For more predictions market insight, check out the new Yahoo Finance Polymarket Hub.
Let's take a pulse check of the markets now and assess the assess whether the S&P can sustain its momentum following record highs. Let's look at Polymarket odds on where the S&P 500 will close at the end of this year. Under 6,000 is currently the most likely among prediction markets traders at 33%. My next guest's price target for the S&P this year, 7,000. Let's bring in now Thomas Carroll. He is Stefel's Vice President of portfolio strategy.
Tom, it is good to see you. So, okay, let let's so your target for the SPX this year, 7,000. Uh, Tom, that that has to be one of the probably one of the lowest on the street versus your your uh peers there. So maybe start there. Um, how come, Tom? What what are you seeing perhaps that maybe others don't?
Hey Josh, well, first off, thank you for having me back on here. Um I think the last time we spoke, uh since then, we have seen a 10% correction followed by a rally back to all-time highs. We saw oil go from $60 a barrel to 120 and now back to 100.
Uh investor sentiment has completely flipped. You know, even a couple weeks ago, I was asked if I needed to cut my price target. Now I'm being asked if I need to raise it. So it's been a breathless start to the year, but we're pretty comfortable where we stand as as things are.
Uh when we talk about this this kind of valuation compression you see there, Tom, can we quantify that? I mean, how how much compression are you forecasting?
Yeah, well, that's our main concern, you know, we're we're we're we're seeing a pretty strong start to the earning season so far. Uh but that was to be expected. We had a pretty uh strong forecast coming this year of roughly 15% earnings growth year over year, uh which is very strong. And now it is true that roughly half of that is from semiconductors.

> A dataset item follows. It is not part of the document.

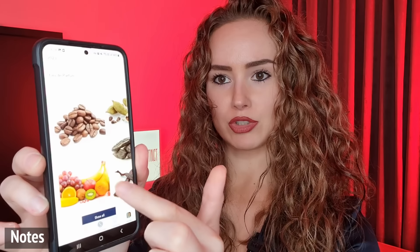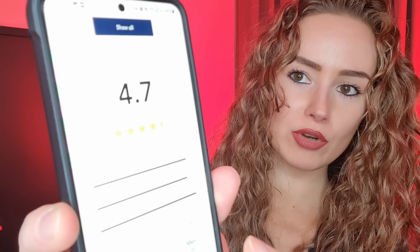Let's check the fragrance notes on the website. I really like how they display the notes here. So we have: coffee, fruity notes, cardamom — maybe that's why I like it so much because I love cardamom — tonka bean, vanilla, ginger, praline, blossoms, cinnamon — I love cinnamon — musk, and benzoin. And it's got a 4.7 rating from people who reviewed it — really good, 4.7 out of five stars. If I could give it a star I would give it a 4.9 — it's really good and unique.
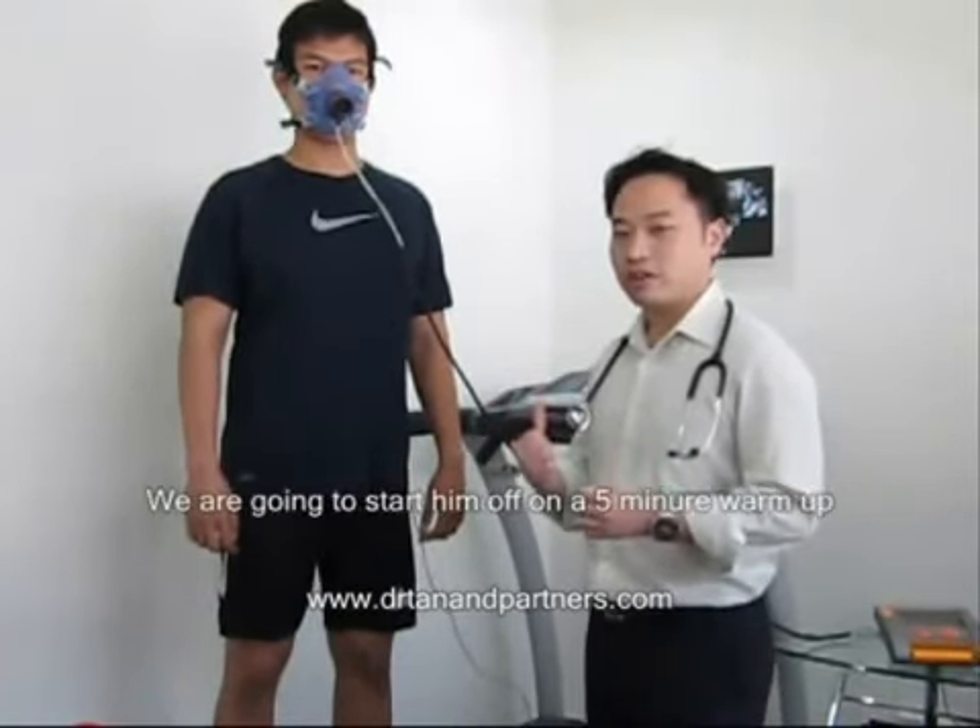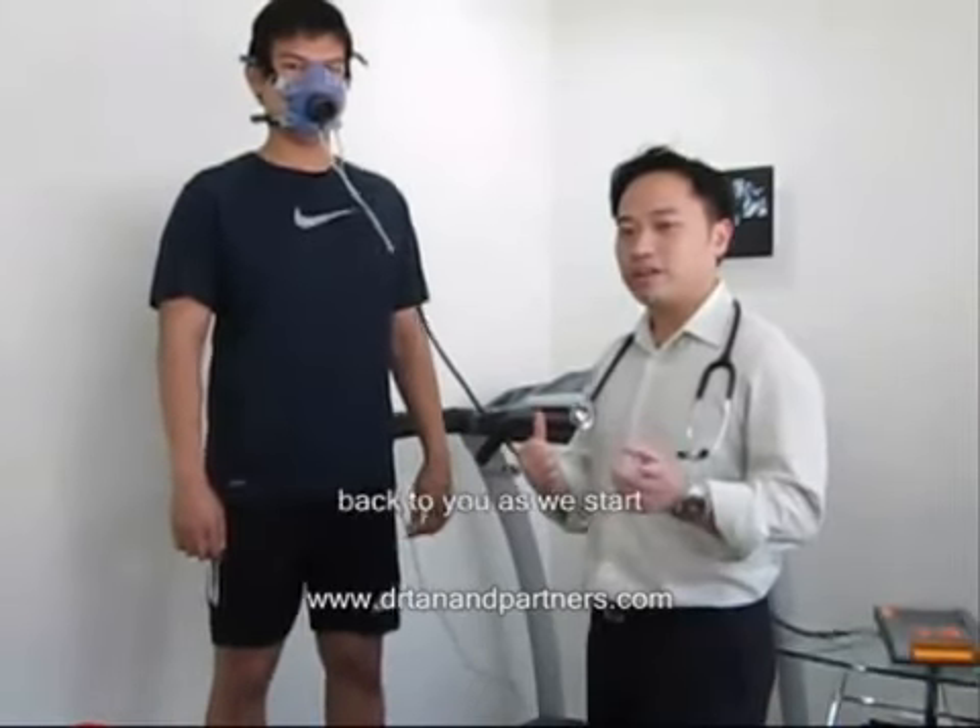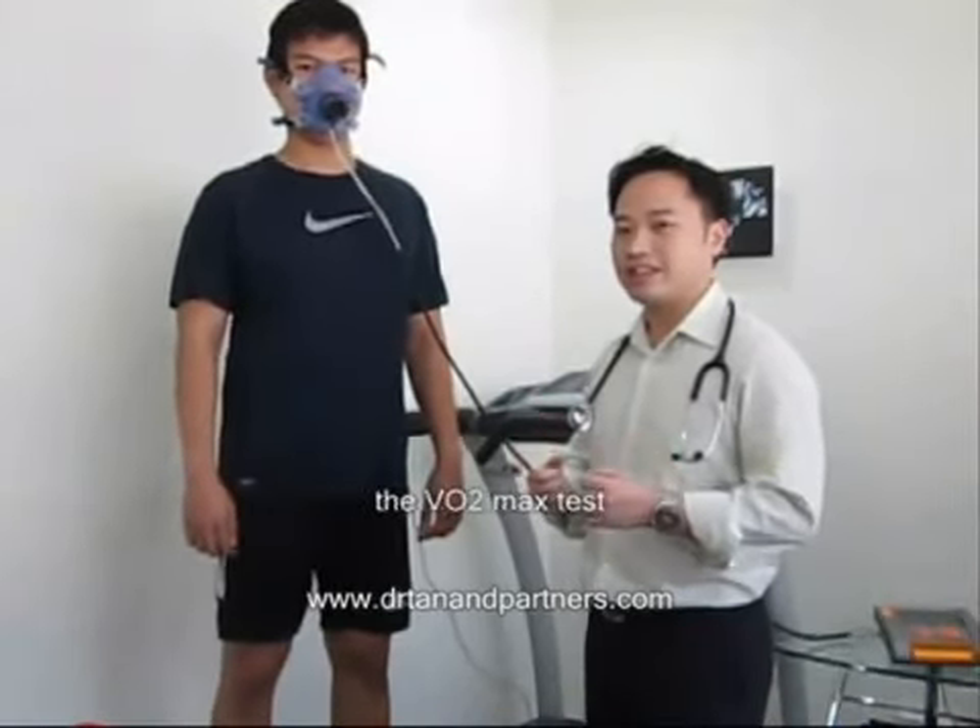We will start him off on a five-minute warm-up, and then we will get back to you as we start the VO2 max test.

But as you said, our overall concern is the fact that we are growing into the multiple, which is causing the market to level out in this low 7,000s range, which is what we continue to expect.
You point to yields and credit, Tom, as key pressure points. Which one, I guess, uh which one worries you more right now, Tom?
Well, I think just if we look at the past month of price action, I think credit's probably the larger driver of markets at the moment. Uh you were talking about, you know, this gross stock rally that we've seen over the past couple weeks. Well, a lot of that has to do with the war risk premium coming out of the credit market. So when we initially had the oil shock, the credit spread, which is the yield that is charged by corporates above US Treasuries, it it tracks the S&P 500 valuation very closely.
That fell very sharply because of the risk premium from the oil shock. However, once the market began to see ships move back to the straight Hormuz, all of a sudden that risk premium began to fall quite a bit and we saw the valuation in the market uh move back up and gross stocks are always the most sensitive to the valuation expansion and we saw us move right back to our price target. So, we think that is going to be what we're looking at more this year is continued uh chop with that corporate credit spread keeping the valuation down and hitting our price target.